江銘對於這個情況有些疑惑,畢竟按照他所掌握的情況來看,童話故事這種東西,應該只會出現在皇后的校區來著。
不過……
這時,江銘突然想起了之前大壯說的一番話,眼神微動:
「之前大壯說他的二叔去了一趟皇后校區,那說不定這隻大灰狼就是他的二叔帶回來的,又或者說……」
江銘看著前方正在呼呼大睡的大灰狼,眼中露出一絲懷疑之色:
「如果這隻大灰狼就是大壯的二叔呢?」
這種情況雖然可能有些抽象,但是也不是不可能。
江銘對於眼下的情況有些搞不清楚,不過值得慶幸的一點是,在剛剛大灰狼把大壯吃了之後,原本江銘動彈不得的身體變得能夠重新活動了。

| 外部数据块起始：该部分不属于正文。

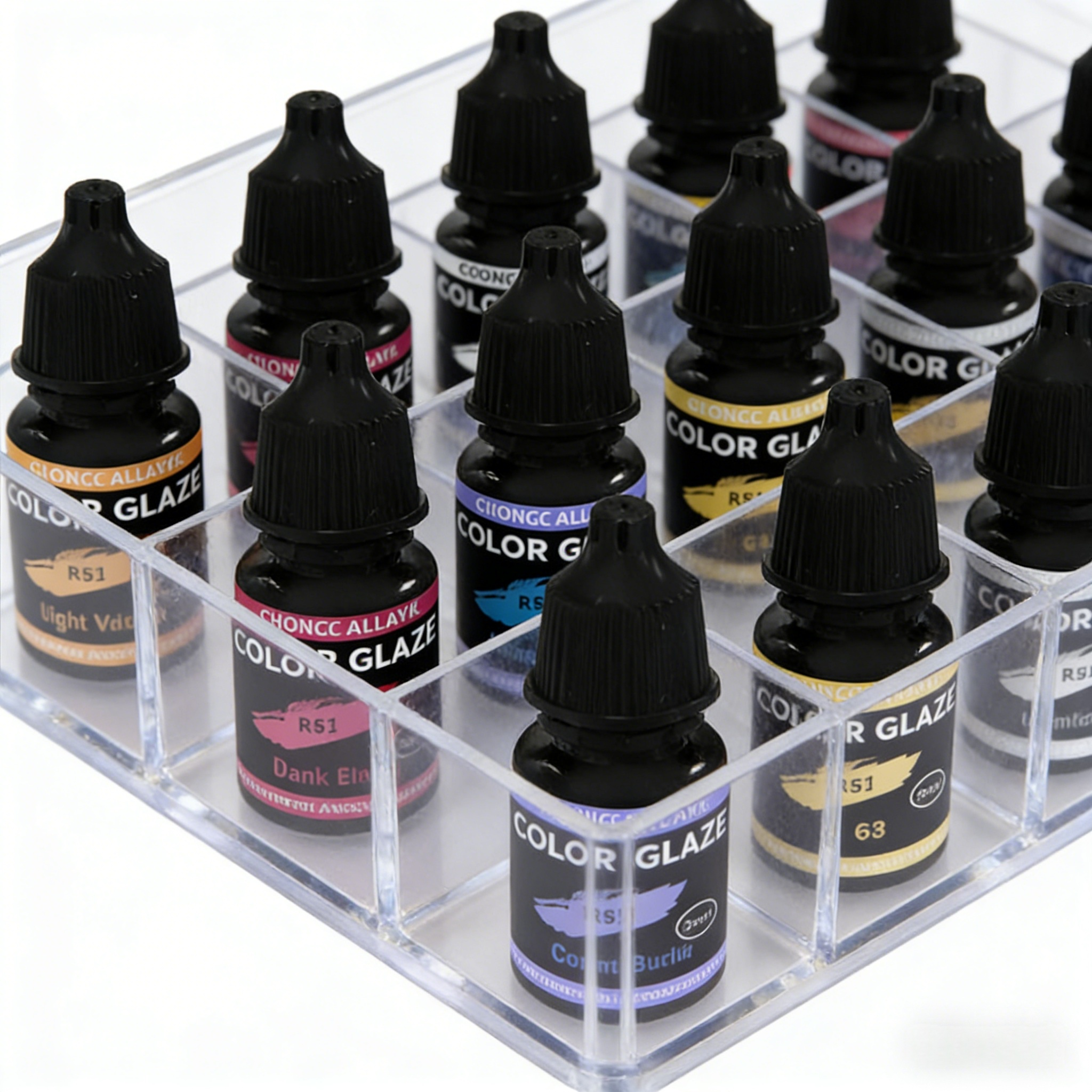 7 Piece Set Multiple Shade Selection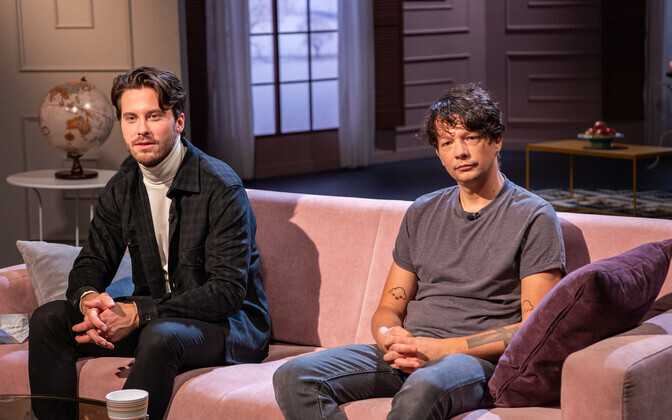 Victor Crone ja Stig Rästa saates 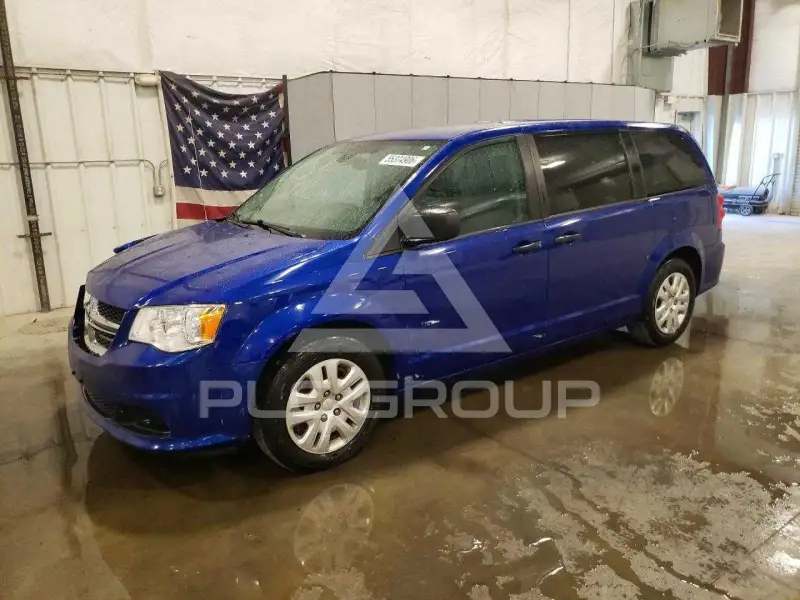 2019 Dodge CARAVAN фото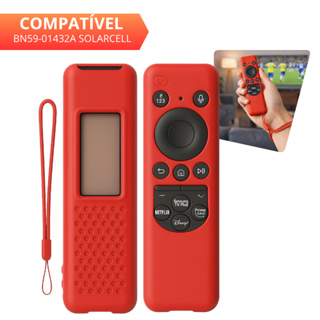 Capinha de  silicone para controle TV Samsung à prova de choque em Oferta na Shopee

而且江銘目光看向前方的大灰狼,大腦飛速運轉之下,也在這個時候發現了剛剛沒來得及深思的地方。
那就是剛剛他和大壯分道揚鑣的時候,大壯就已經進入了這間屋子裡。
而江銘選擇了跑路,雖然因為某種不知名原因江銘沒能夠跑掉,但是毫無疑問的是,當時江銘已經離開了一段時間。
可是當江銘再次回來,並且走進這間房間的時候,房間內的情形完全不像是已經經歷了一段時間的樣子。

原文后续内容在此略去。